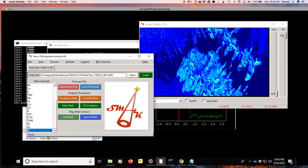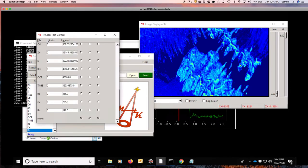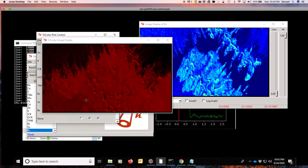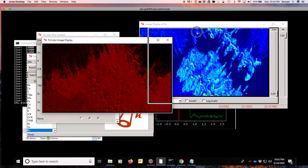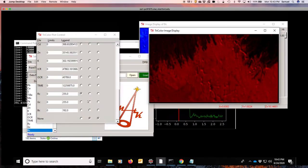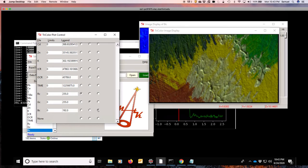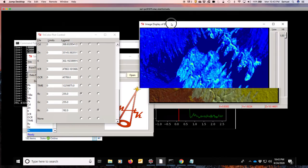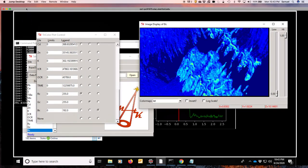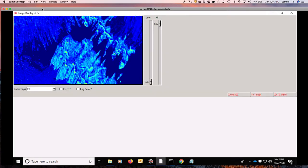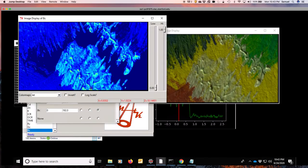To actually put this in an easy way to visualize, we can now go to the tricolor plots and visualize this as red, green, and blue. And now we have a true visual representation of the colors that are in that sample, and they match very well with the elements that we are also looking at.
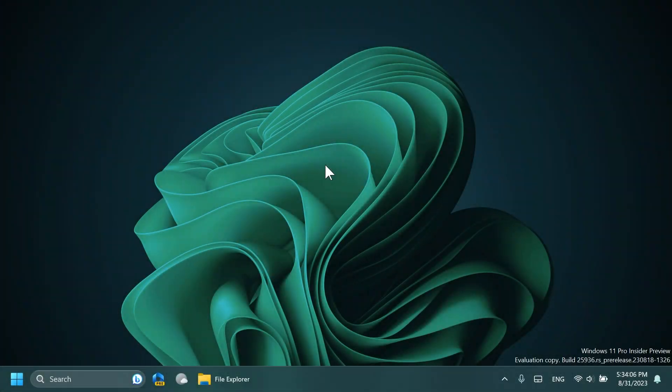Hi guys, welcome to TechBase. In this video, we're going to talk about the Windows 11 23H2 release date.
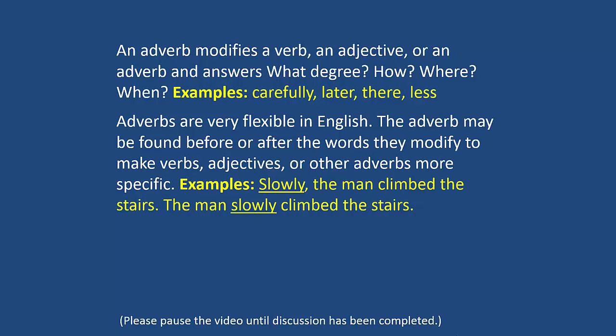An adverb modifies a verb, an adjective, or an adverb, and answers: what degree? How? Where? When? Here are some examples: carefully, later, there, less.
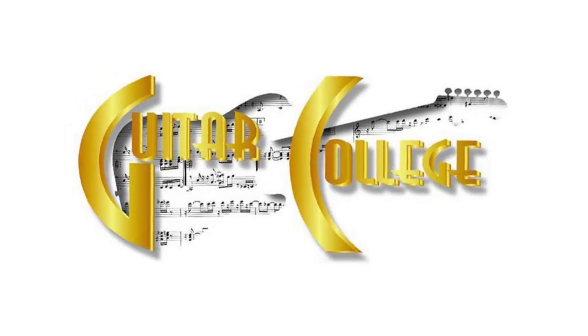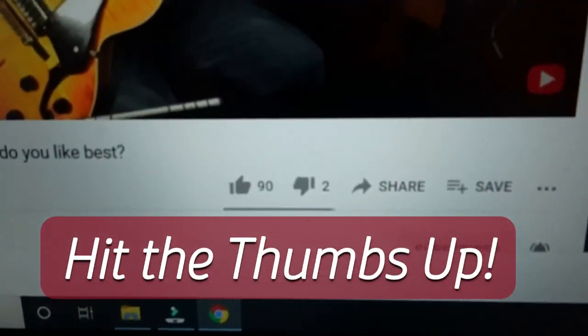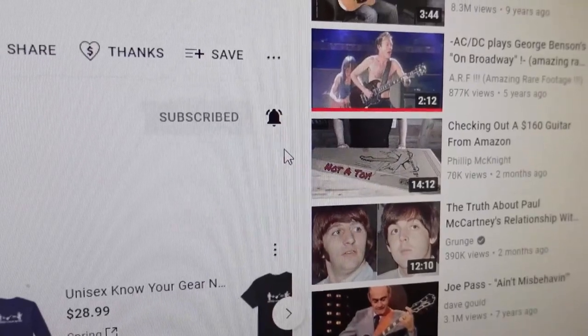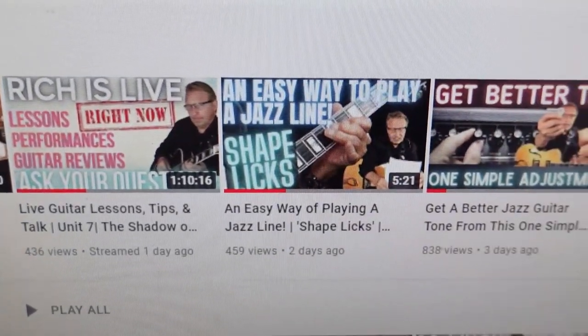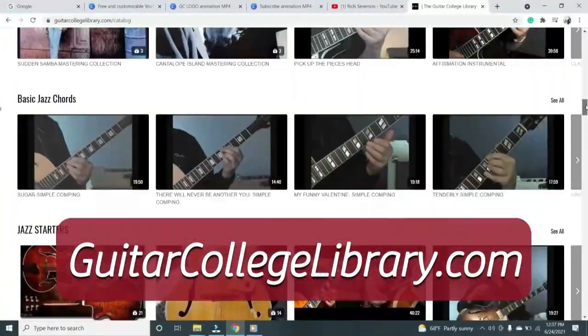Extending the arpeggio on a major scale, I get the following chord sequence: one, three, five, seven, two, four, six, eight — who do we appreciate? I have hundreds of lessons at GuitarCollegeLibrary.com. Check out our low-price monthly streaming memberships.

### Exercise
The listing above, line by line: print it exactly, but not its pictures.

### Answer below
To actually put this in an easy way to visualize, we can now go to the tricolor plots and visualize this as red, green, and blue. And now we have a true visual representation of the colors that are in that sample, and they match very well with the elements that we are also looking at.
Hi guys, welcome to TechBase. In this video, we're going to talk about the Windows 11 23H2 release date.
An adverb modifies a verb, an adjective, or an adverb, and answers: what degree? How? Where? When? Here are some examples: carefully, later, there, less.
Extending the arpeggio on a major scale, I get the following chord sequence: one, three, five, seven, two, four, six, eight — who do we appreciate? I have hundreds of lessons at GuitarCollegeLibrary.com. Check out our low-price monthly streaming memberships.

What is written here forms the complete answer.